Once upon a time, when I was a little girl, I used to dream of a day when I could grow up and sip champagne like one of the elegant men and women around me.

Little did I know that the adult version of me would chug it like water in the hopes of making these dreadful events more tolerable.

"Oh, that was fast," I said, seeing my grandmother standing a few paces off, her hand resting on my grandfather's shoulder.
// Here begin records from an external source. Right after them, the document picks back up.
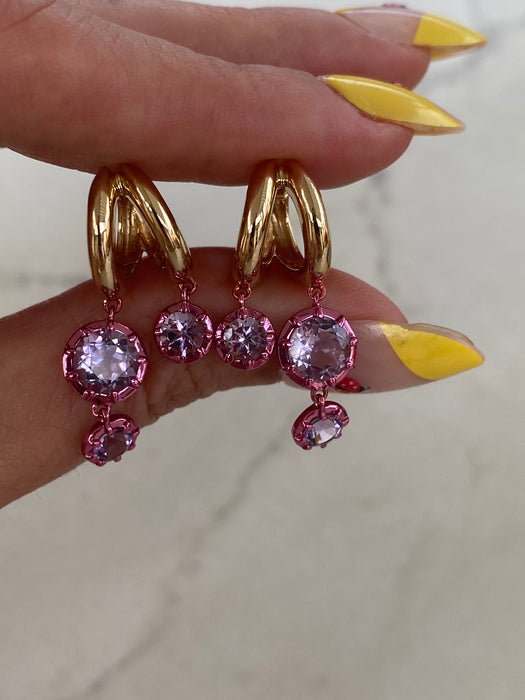 14K Gold Double Huggy Amethyst Drop Earrings with Pink Rhodium Accents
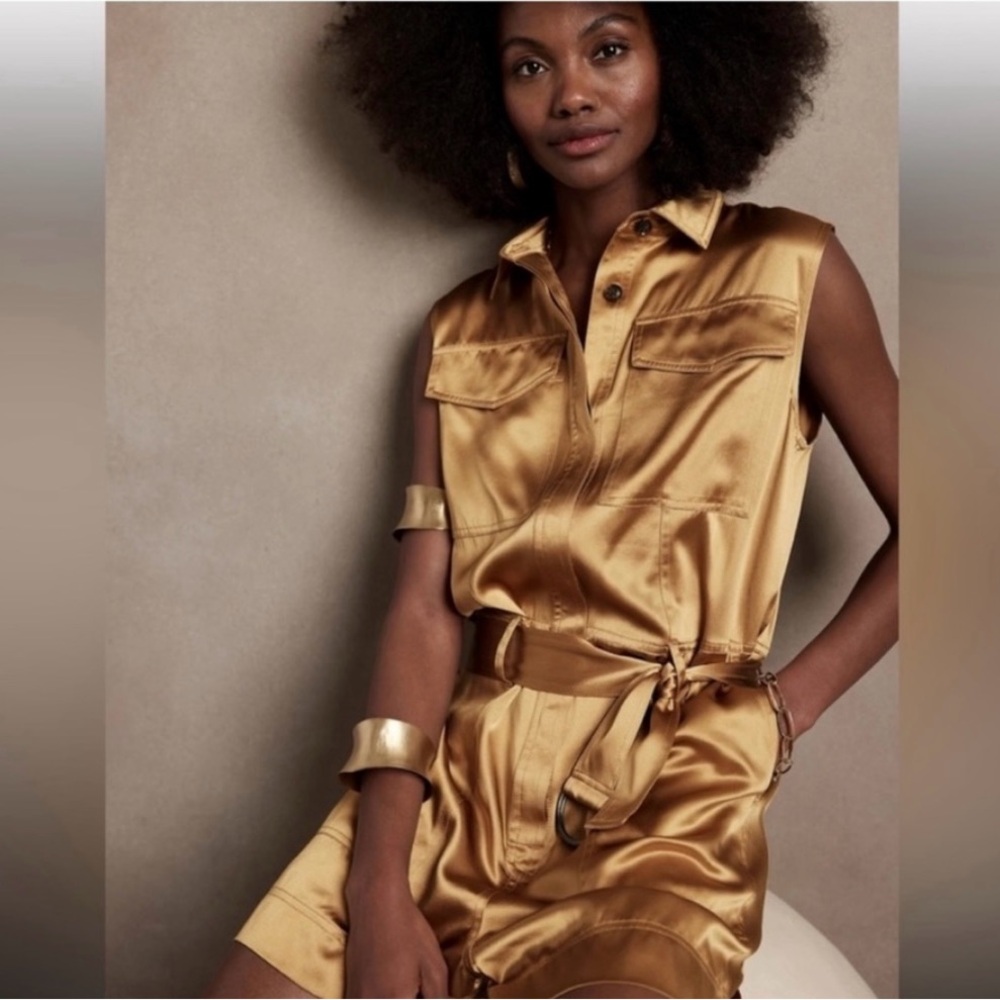 NWOT Banana Republic 100% silk gold romper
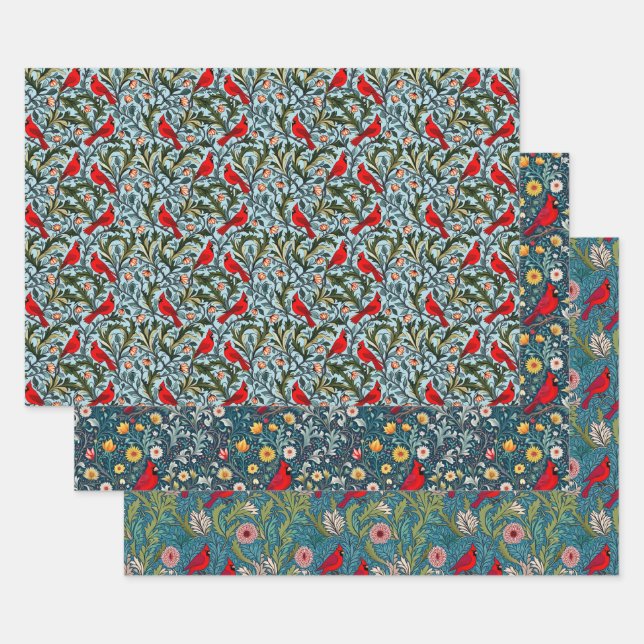 William Morris Inspired Cardinals, Vines & Flowers Wrapping Paper Sheets (Set)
"That's your grandparents," Huck guessed.

"Yeah."

"What's wrong with your grandfather?"

"Stroke," I said, seeing the frozen half of his face, the wheelchair he'd been stuck in since I was twelve. "He's still alright in the head," I told Huck. "But he's trapped in a body that only half works."

"Let me guess," Huck said, seeming to start catching on. "That makes him mean."

"Yes, it does."

"What about your grandmother? What's her problem?"

I threw back the rest of my champagne, reaching to place it on a tray of a server as they passed. "They blame me for the stroke," I told him, yanking him forward with me, making a beeline for my family, wanting to get the most uncomfortable part over with.

"Harmon, so nice of you to make it," my grandmother said, standing there with her perfectly coiffed white-blond hair and understated makeup that never seemed to slip into the fine lines and wrinkles next to her eyes and lips. There was a familiar tight smile on her lips. "And who is this?" she asked, her gaze moving over Huck, likely trying to figure out what kind of suit he was wearing, what it cost, what that said about what he did for a living.

I knew a thing or two about suits, and while nothing about the Huck I knew suggested he gave a crap about things like labels, I knew the one he was wearing was quality.

"Grandmother, Grandfather. This is Huck. Huck, this is Colette and Johnathan Tillman."

"Huck," my grandmother repeated, rolling his name round, chewing it like she was trying to decide if it was the kind of quirky that came with money or not. "Have you been seeing our Harmon long?"

"A couple weeks," he said, not seeming the least bit tense even though the air around us was thick enough to start slicing with a knife.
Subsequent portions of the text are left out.